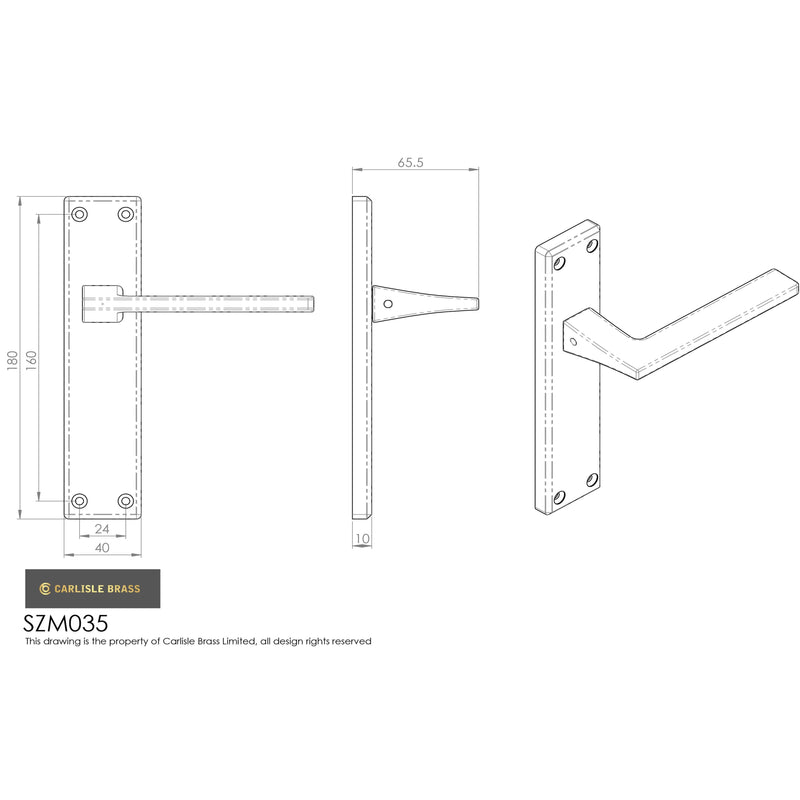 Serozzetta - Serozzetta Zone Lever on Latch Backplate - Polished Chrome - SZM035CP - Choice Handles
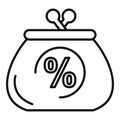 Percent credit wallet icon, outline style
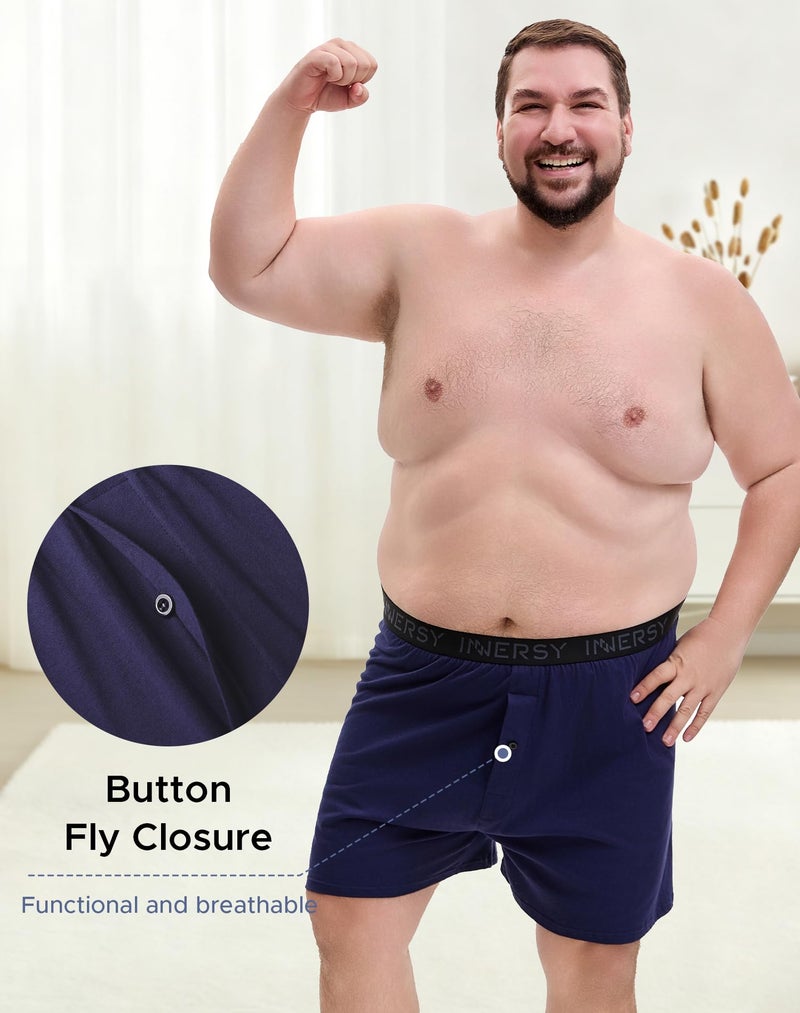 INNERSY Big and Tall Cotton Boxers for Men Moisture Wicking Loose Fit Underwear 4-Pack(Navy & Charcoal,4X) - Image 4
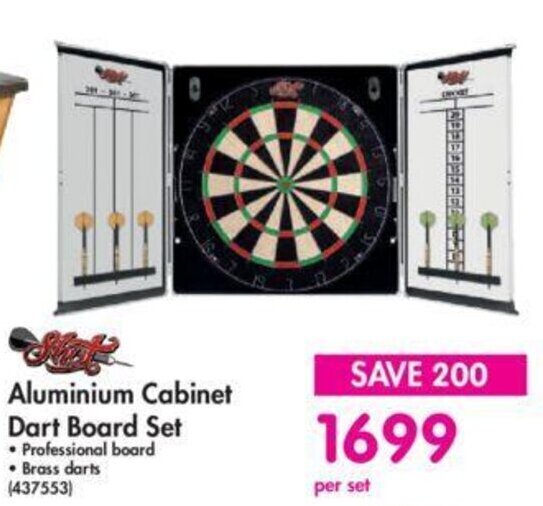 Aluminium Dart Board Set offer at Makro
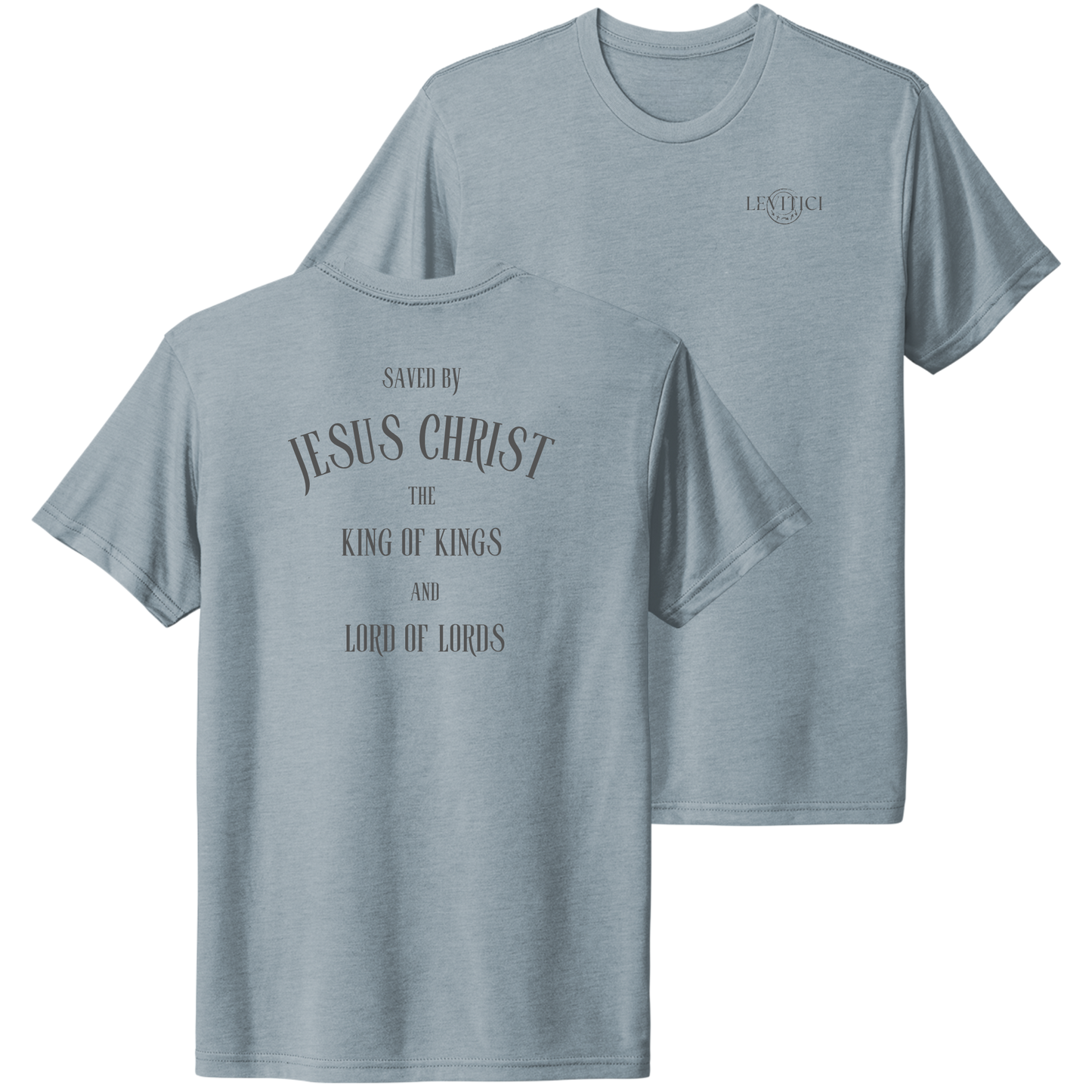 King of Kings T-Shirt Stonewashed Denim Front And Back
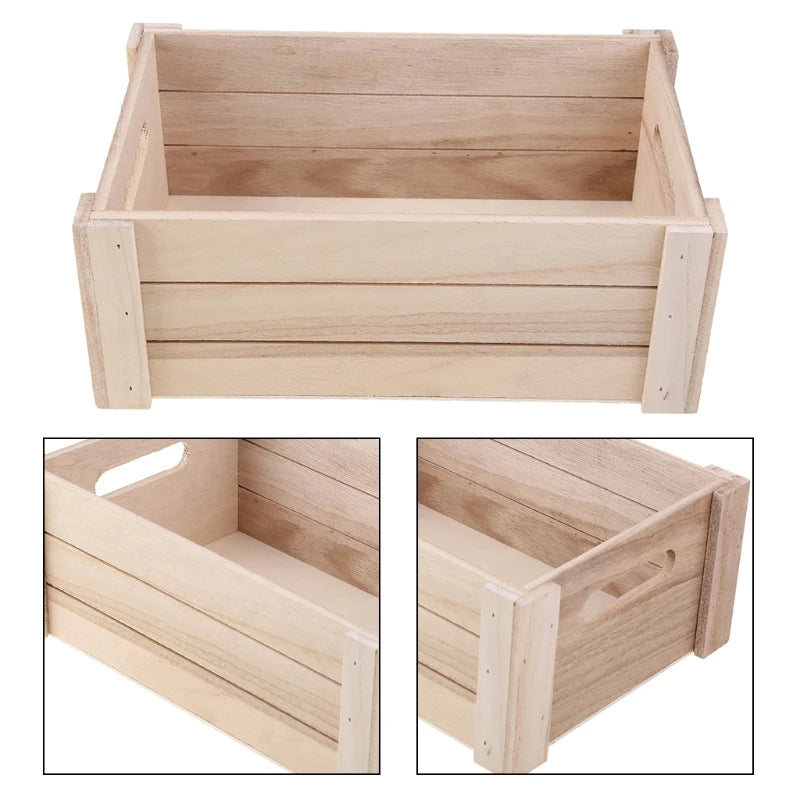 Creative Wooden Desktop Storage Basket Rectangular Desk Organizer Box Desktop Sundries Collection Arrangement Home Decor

****************************************

Every line of the data above is to be set down word for word, with the pictures left out.

*Finished task*
 Serozzetta - Serozzetta Zone Lever on Latch Backplate - Polished Chrome - SZM035CP - Choice Handles
 Percent credit wallet icon, outline style
 INNERSY Big and Tall Cotton Boxers for Men Moisture Wicking Loose Fit Underwear 4-Pack(Navy & Charcoal,4X) - Image 4
 Aluminium Dart Board Set offer at Makro
 King of Kings T-Shirt Stonewashed Denim Front And Back
 Creative Wooden Desktop Storage Basket Rectangular Desk Organizer Box Desktop Sundries Collection Arrangement Home Decor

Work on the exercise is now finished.